--- Exercise input Enclosed Below ---

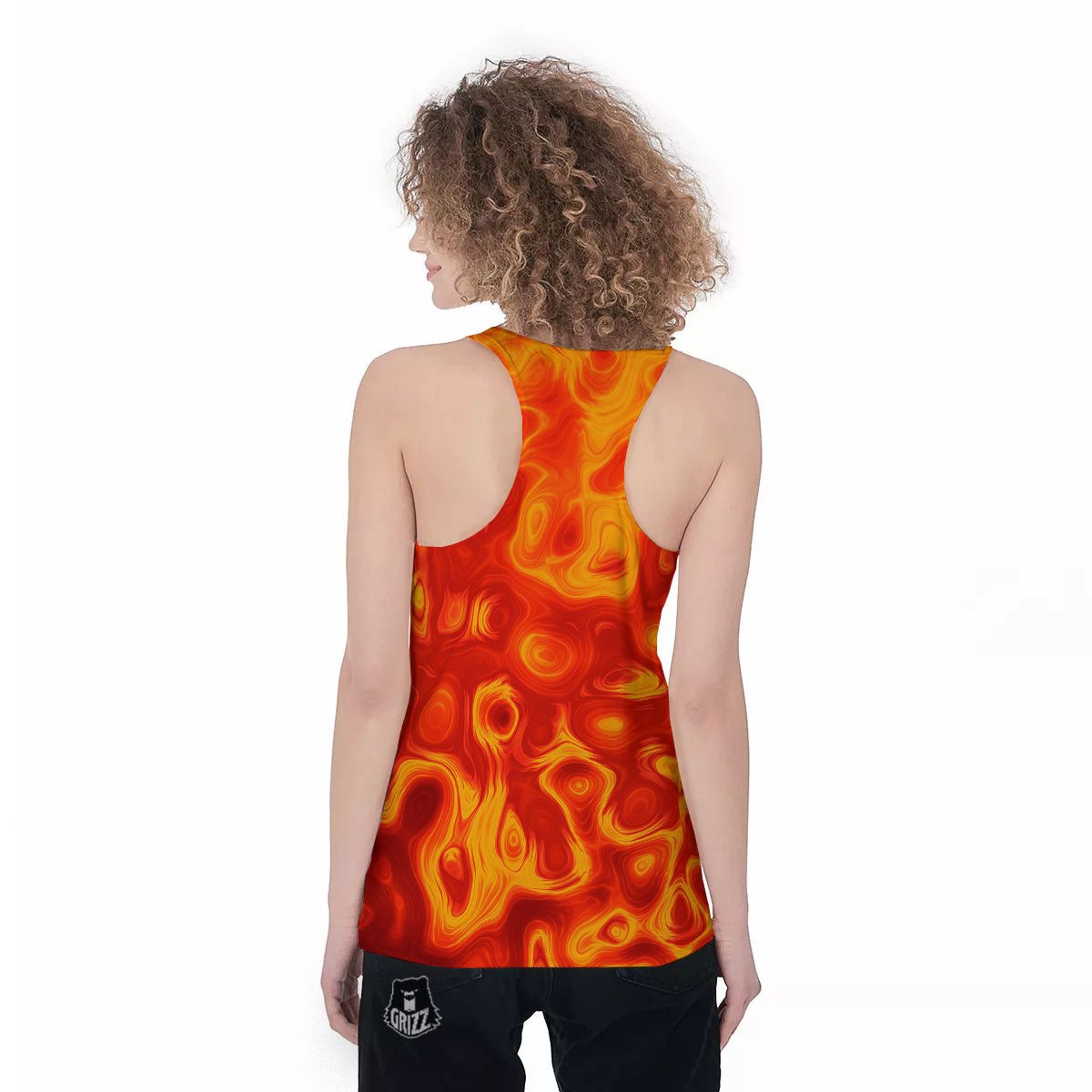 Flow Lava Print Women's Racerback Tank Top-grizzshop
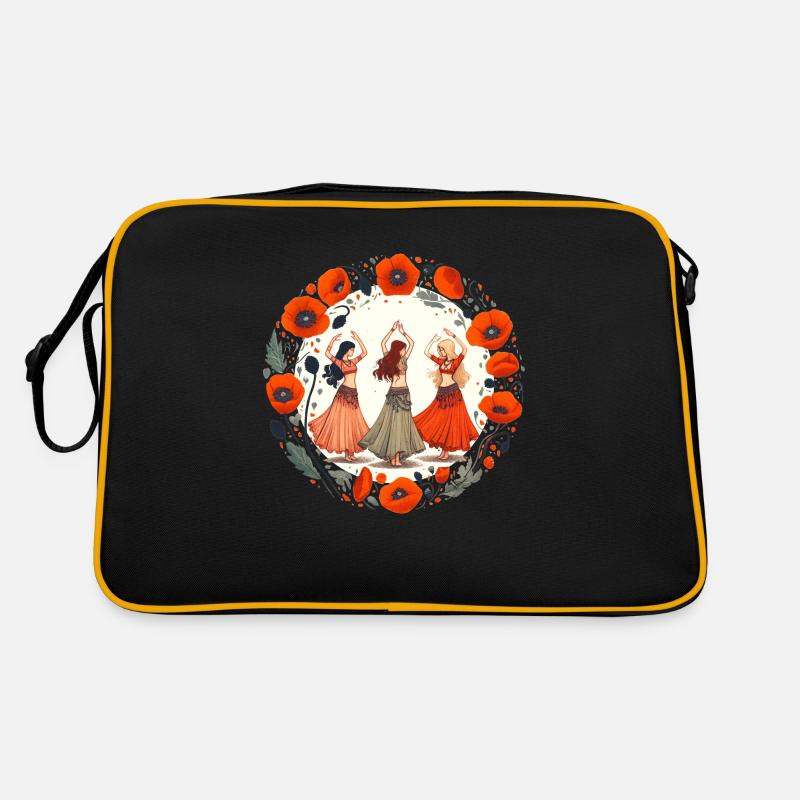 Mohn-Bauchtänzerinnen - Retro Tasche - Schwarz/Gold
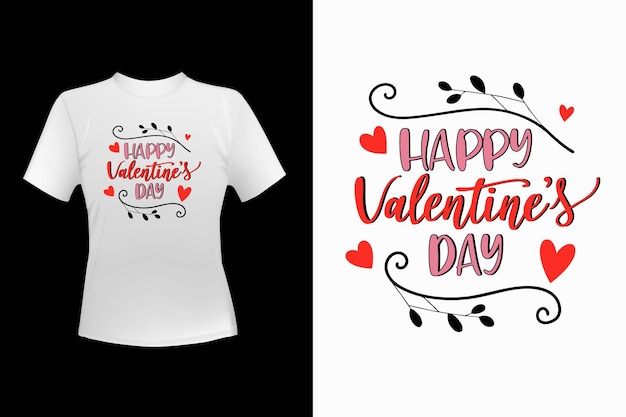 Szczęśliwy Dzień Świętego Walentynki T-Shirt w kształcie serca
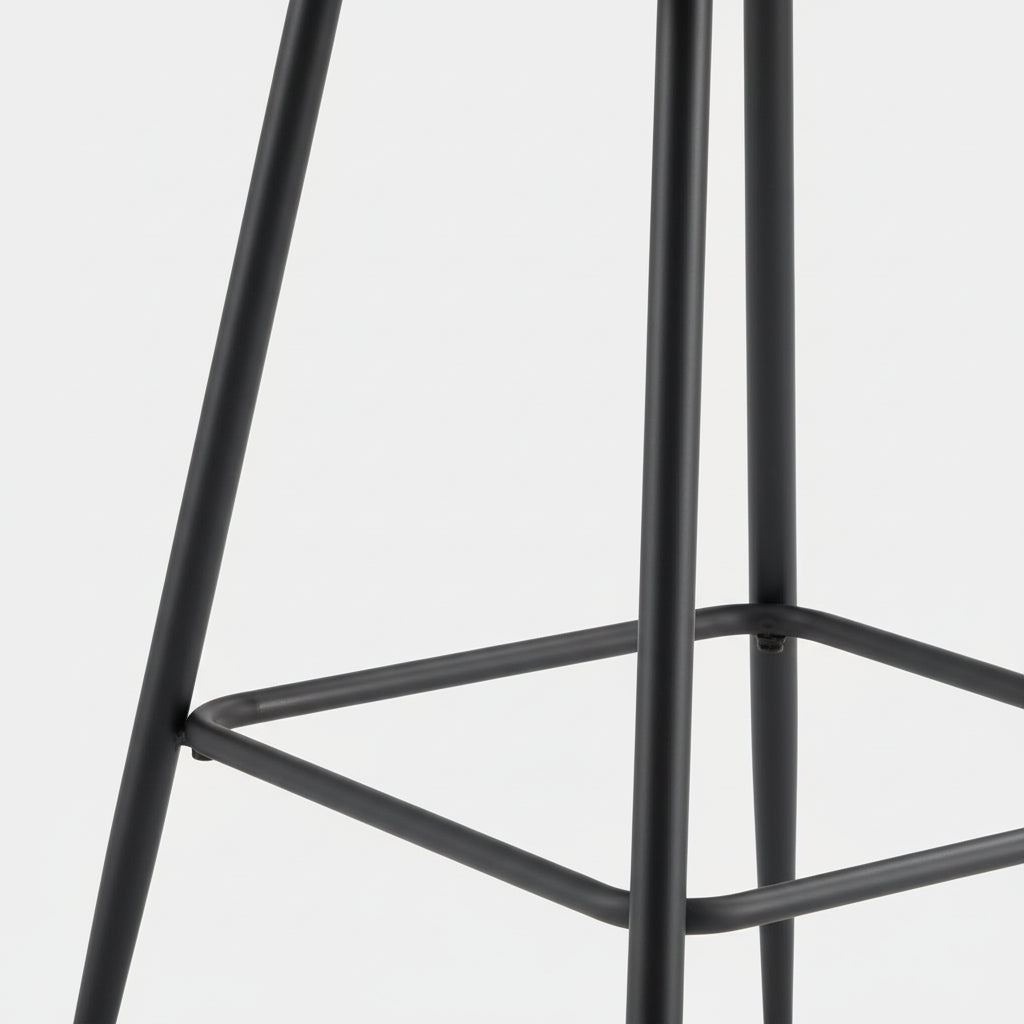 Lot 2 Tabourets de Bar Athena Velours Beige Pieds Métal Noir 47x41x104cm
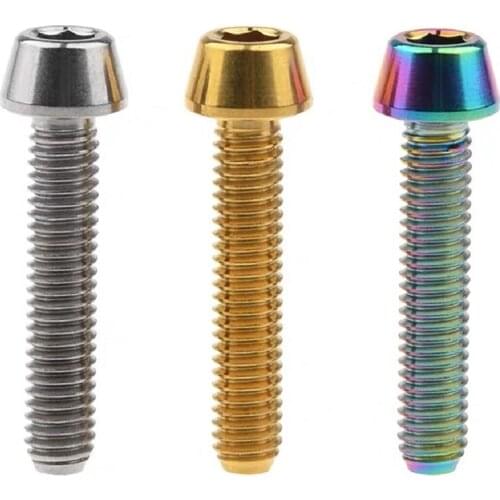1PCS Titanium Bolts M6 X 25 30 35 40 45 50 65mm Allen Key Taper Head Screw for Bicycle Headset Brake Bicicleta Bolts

--- End of Enclosed Exercise input ---

» **Description of the task**
Please repeat the listing precisely, excluding the pictures it contains.

» **Exercise result**
 Flow Lava Print Women's Racerback Tank Top-grizzshop
 Mohn-Bauchtänzerinnen - Retro Tasche - Schwarz/Gold
 Szczęśliwy Dzień Świętego Walentynki T-Shirt w kształcie serca
 Lot 2 Tabourets de Bar Athena Velours Beige Pieds Métal Noir 47x41x104cm
1PCS Titanium Bolts M6 X 25 30 35 40 45 50 65mm Allen Key Taper Head Screw for Bicycle Headset Brake Bicicleta Bolts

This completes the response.